What does "moderate" or a "Moderate" or "to moderate" really mean in American civic life? Even if we could figure out which one means what, I don't think it's the guide we need.

Weekend Edition: I do not think this word means what you think it means...

If you offer Liberal-Moderate-Conservative as the only ideological choices in a poll, people will end up in the Moderate category for a lot of very different reasons. People who tend to vote Democratic are going to interpret that label very differently than people who tend to choose Republican candidates. People who embrace their unaffiliated independent voter status will embrace a whole different relationship to that label. And within that group is a wild diversity of perspectives on policy from folks who accept the label of Moderate when forced to choose along side folks who embrace it with genuine passion. If you ask people a series of policy preferences and they have both very extreme liberal and conservative positions, they will end up being labeled Moderate. Saying the Democrats want more "party moderation" means almost nothing without more context.

As Donald Kinder and Nathan Kalmoe put it in their book Neither Liberal Not Conservative after looking at five decades of public opinion research, “the moderate category seems less an ideological destination than a refuge for the innocent and the confused.” Other versions of this debate come up constantly.
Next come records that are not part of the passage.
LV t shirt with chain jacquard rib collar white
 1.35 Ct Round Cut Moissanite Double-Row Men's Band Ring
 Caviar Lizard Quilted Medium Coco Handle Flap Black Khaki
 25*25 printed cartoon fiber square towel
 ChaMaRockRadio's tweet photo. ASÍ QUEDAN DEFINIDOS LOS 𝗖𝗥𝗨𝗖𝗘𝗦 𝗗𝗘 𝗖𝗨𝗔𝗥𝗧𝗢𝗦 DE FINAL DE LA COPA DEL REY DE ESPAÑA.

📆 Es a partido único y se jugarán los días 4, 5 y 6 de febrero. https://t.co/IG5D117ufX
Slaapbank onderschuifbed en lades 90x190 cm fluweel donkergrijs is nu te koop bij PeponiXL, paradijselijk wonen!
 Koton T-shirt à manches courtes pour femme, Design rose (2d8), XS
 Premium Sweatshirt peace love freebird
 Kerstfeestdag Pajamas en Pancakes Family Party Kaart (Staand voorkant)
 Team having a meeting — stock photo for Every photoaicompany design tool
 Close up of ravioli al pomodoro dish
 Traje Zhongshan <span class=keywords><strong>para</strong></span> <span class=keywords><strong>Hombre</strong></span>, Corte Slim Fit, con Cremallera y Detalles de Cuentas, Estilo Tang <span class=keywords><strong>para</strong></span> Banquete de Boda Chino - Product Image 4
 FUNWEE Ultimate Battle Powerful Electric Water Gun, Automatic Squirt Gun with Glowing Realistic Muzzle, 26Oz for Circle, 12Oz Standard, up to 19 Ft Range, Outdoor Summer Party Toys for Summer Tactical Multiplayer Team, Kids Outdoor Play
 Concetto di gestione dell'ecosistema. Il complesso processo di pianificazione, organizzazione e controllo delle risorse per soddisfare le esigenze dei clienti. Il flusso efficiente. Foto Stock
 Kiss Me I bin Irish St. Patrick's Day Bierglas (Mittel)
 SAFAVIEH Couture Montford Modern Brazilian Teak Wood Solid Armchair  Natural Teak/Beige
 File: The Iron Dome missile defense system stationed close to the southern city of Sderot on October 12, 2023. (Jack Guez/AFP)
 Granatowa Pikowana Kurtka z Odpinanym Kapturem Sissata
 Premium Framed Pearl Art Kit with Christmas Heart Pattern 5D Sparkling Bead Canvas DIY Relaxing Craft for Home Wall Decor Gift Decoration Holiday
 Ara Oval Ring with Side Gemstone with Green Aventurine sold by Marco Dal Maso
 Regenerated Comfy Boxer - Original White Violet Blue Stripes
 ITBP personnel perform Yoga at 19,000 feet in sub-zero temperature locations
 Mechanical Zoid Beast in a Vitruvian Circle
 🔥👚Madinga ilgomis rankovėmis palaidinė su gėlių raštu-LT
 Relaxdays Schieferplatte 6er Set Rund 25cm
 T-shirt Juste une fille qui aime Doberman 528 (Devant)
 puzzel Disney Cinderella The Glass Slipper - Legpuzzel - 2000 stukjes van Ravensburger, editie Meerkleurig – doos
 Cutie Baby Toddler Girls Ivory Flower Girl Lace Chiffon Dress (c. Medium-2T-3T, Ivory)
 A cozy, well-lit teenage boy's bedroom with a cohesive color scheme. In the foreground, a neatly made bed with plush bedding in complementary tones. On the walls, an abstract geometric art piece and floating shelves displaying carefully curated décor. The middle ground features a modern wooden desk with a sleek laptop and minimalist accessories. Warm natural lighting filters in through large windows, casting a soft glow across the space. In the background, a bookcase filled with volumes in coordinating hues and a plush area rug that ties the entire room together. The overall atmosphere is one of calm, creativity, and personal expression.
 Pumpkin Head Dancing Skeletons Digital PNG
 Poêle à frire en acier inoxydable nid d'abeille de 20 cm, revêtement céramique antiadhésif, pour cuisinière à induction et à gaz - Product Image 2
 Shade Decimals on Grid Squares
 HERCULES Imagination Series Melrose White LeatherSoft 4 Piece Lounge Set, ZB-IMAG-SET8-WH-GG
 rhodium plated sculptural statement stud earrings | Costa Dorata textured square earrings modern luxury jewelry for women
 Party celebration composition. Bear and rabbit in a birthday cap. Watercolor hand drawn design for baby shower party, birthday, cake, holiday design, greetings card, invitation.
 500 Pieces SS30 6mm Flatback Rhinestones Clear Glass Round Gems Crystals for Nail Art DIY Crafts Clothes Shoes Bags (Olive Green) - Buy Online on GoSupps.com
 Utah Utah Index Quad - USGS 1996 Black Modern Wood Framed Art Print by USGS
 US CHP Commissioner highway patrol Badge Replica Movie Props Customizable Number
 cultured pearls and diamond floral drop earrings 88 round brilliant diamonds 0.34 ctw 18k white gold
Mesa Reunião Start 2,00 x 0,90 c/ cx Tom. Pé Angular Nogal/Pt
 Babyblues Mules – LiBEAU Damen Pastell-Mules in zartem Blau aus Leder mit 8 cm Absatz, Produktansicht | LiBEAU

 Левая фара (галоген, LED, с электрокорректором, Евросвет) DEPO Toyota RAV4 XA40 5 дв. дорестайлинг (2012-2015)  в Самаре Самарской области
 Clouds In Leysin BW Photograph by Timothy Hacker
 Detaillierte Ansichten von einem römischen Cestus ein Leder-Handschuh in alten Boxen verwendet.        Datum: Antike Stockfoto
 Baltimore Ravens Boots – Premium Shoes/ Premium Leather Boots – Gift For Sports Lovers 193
Lee Drutman. David Broockman. Donald Kinder again. Which Moderates? Moderate on what? Moderate how?

But one of Kinder's other conclusions points to a better way to understand what might really drive people and help us understand them: "for most people, political preferences arise less from ideological differences than from the attachments and antagonisms of group life." So if this 1-dimensional polar spectrum isn't a good way to understand people (especially people who aren't hyperpartisans which is most people), what are people calling for with moderation? And how might we find a better way of meeting people's need for a better politics (and a better party) by focusing on what we believe and what we want over what we are called?

What I hear most in my communities and circles right now is a shift away from the usual "what I really want is moderation in tone and posture across all of politics" which I usually interpret as a desire to turn away from the bullying, hyperbolic, bellicose posturing of most political rhetoric toward a different, deeper conversation about the nature of the Democratic Party:

"Is an increasingly liberal Democratic Party out of step in ways that make it impossible for it to reclaim either cultural or political power?"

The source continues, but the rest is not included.